Daratan yang terpisah kini telah terpecahkan setelah 155 juta tahun
Misteri daratan yang terpisah dari Australia barat modern dan terapung ke laut, kini telah terpecahkan setelah 155 juta tahun. Terakhir, ahli geologi dari Universitas Utrecht di Belanda telah menemukan lokasi Down Under, jauh di bawah permukaan bumi.
Menurut para peneliti, bentangan sepanjang 3.106 mil yang sulit dipahami, yang sekarang disebut oleh para ilmuwan sebagai Argoland, pernah menjadi bagian dari superkontinen Gondwana. Sejak saat itu, ia pecah menjadi beberapa pecahan, meskipun hanya ada sedikit bukti yang tersisa mengenai keberadaan Argoland, pekerjaan detektif para ahli geologi mengarah ke bawah hutan Indonesia dan Myanmar.
Untuk mempelajari lebih lanjut tentang Argoland, mereka membandingkannya dengan benua prasejarah lain yang disebut Greater Adria, yang ditemukan kembali pada tahun 2019. Adria juga terpecah menjadi beberapa bagian yang terbelah di antara cekungan lautan, sebelum menjadi lempeng tektonik tunggal. Berabad-abad yang lalu, ia menyatu dengan mantel bumi dan satu-satunya bukti keberadaannya yang tersisa adalah lapisan atas, yang membentuk pegunungan di Eropa selatan.
Pencarian Argoland di Asia Tenggara memberikan lebih sedikit petunjuk, karena tidak meninggalkan jejak di dalam formasi batuan. Para peneliti membutuhkan waktu tujuh tahun untuk menarik kesimpulan yang kuat saat mereka menyelidiki struktur beberapa pulau, termasuk Sumatera, Kepulauan Andaman, Kalimantan, Sulawesi, dan Timor.
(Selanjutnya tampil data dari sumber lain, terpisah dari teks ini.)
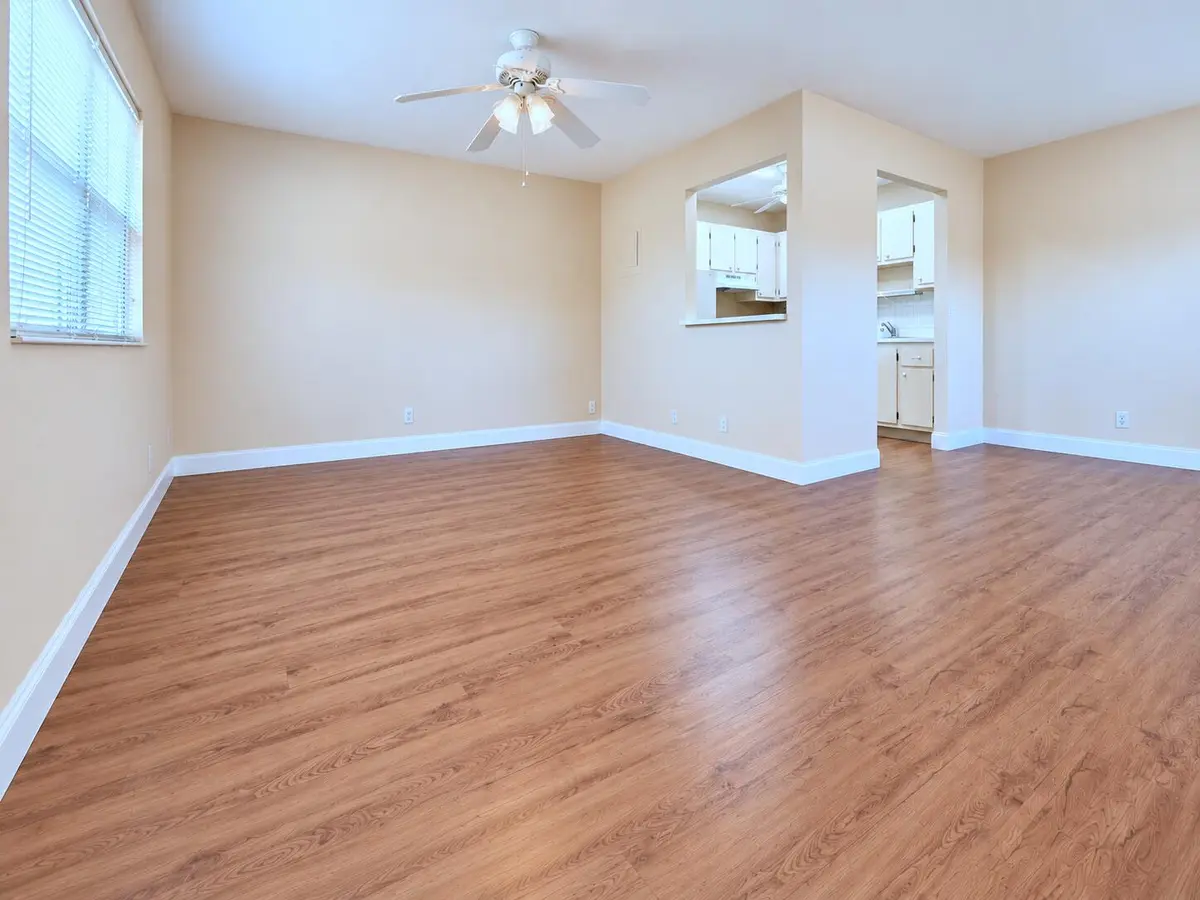 Living/Dining at 139 SAXONY C, Delray Beach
“Kami benar-benar berurusan dengan pulau-pulau informasi, itulah sebabnya penelitian kami memakan waktu lama. Kami menghabiskan tujuh tahun untuk menyusun teka-teki ini,” kata peneliti universitas Eldert Advokaat. “Situasi di Asia Tenggara sangat berbeda dengan tempat-tempat seperti Afrika dan Amerika Selatan, di mana sebuah benua terpecah menjadi dua bagian. Argoland terpecah menjadi banyak pecahan berbeda. Hal itu menghalangi pandangan kami tentang perjalanan benua ini.”
Advertisement
Terombang-ambing di antara sistem geologi
Advokaat akhirnya mengetahui bahwa banyak fragmen Argoland telah mencapai tujuan masing-masing, dalam jangka waktu yang sama. Mereka akhirnya menemukan bahwa Argoland telah terombang-ambing di antara sistem geologi tetangga di Himalaya dan Filipina.
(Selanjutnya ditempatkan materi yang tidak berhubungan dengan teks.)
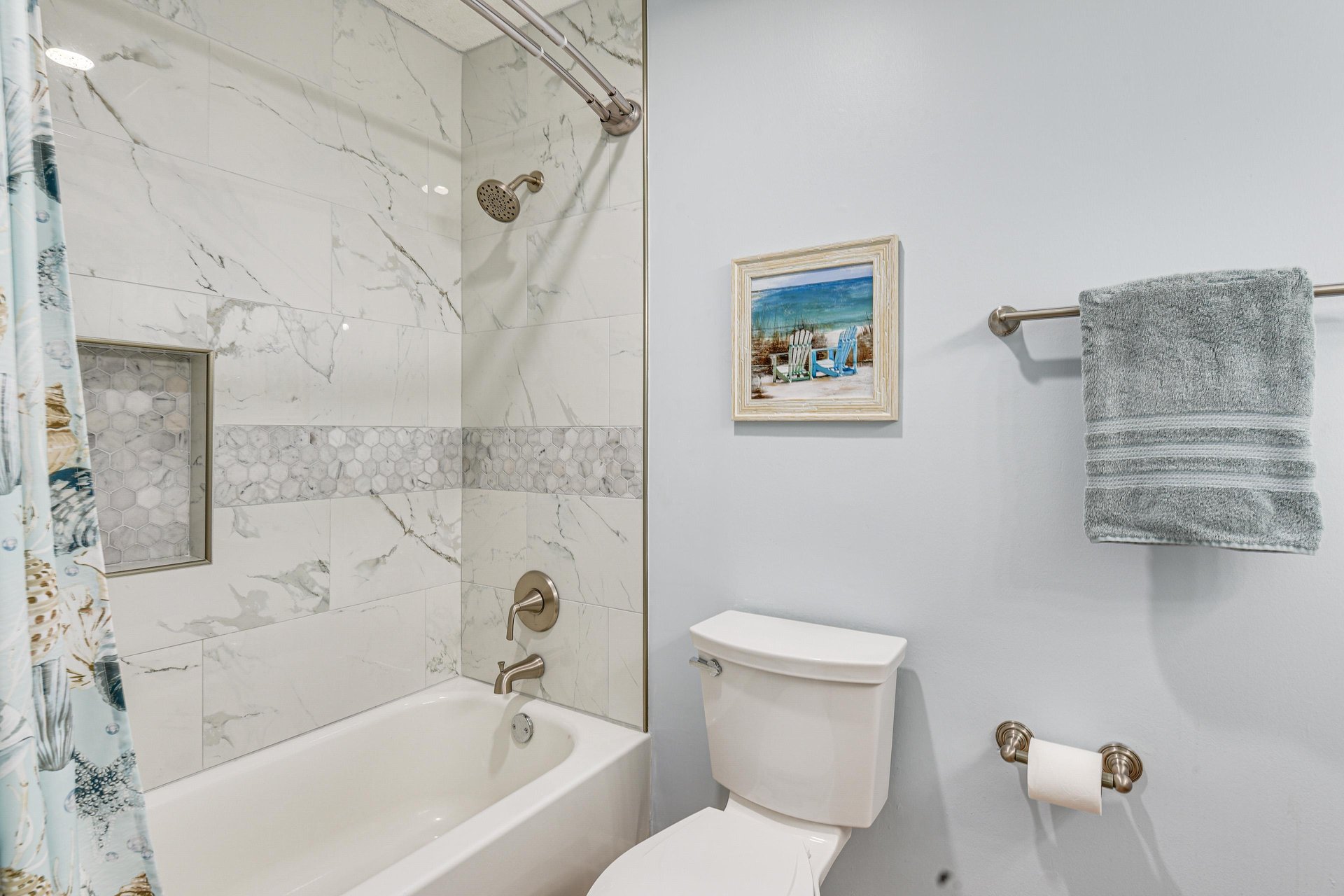 Guest Bathroom 1 Part 3  Upstairs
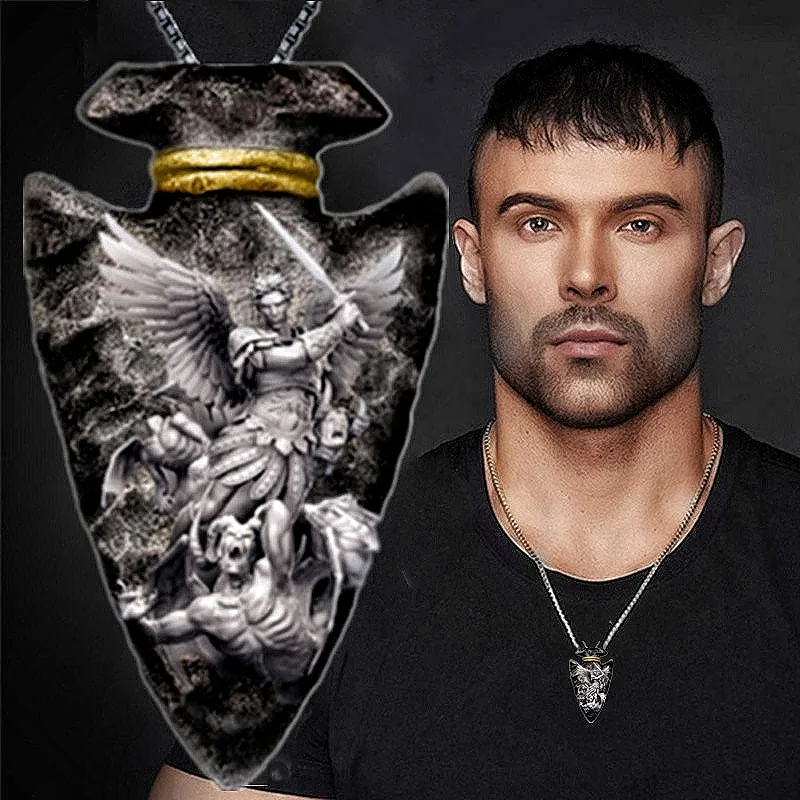 الموضة الإبداعية سانت مايكل الملاك قلادة مثلث قلادة الهيب هوب القلائد للرجال مجوهرات اكسسوارات هدية للذكرى السنوية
Petunjuk ini sangat penting untuk menentukan lokasi benua yang lebih besar namun tersembunyi, di mana terdiri dari beberapa fragmen yang menjadi sebuah kepulauan, yang dipisahkan oleh cekungan samudera dan bukannya sebuah daratan yang bersatu.
“Pecahnya Argoland dimulai sekitar 300 juta tahun yang lalu,” kata ahli geologi Universitas Utrecht, Douwe van Hinsbergen. Sekitar 215 juta tahun yang lalu, sebuah peristiwa menyebabkan perpecahan semakin cepat dan terpecah menjadi banyak bagian tipis.
Pengungkapannya sangat penting bagi ilmu bumi, menurut van Hinsbergen. “Rekonstruksi tersebut sangat penting untuk memahami proses seperti evolusi keanekaragaman hayati dan iklim, atau untuk menemukan bahan mentah,” katanya. “Pada tingkat yang lebih mendasar: untuk memahami bagaimana gunung terbentuk atau untuk mengetahui kekuatan pendorong di balik lempeng tektonik; dua fenomena yang berkaitan erat.”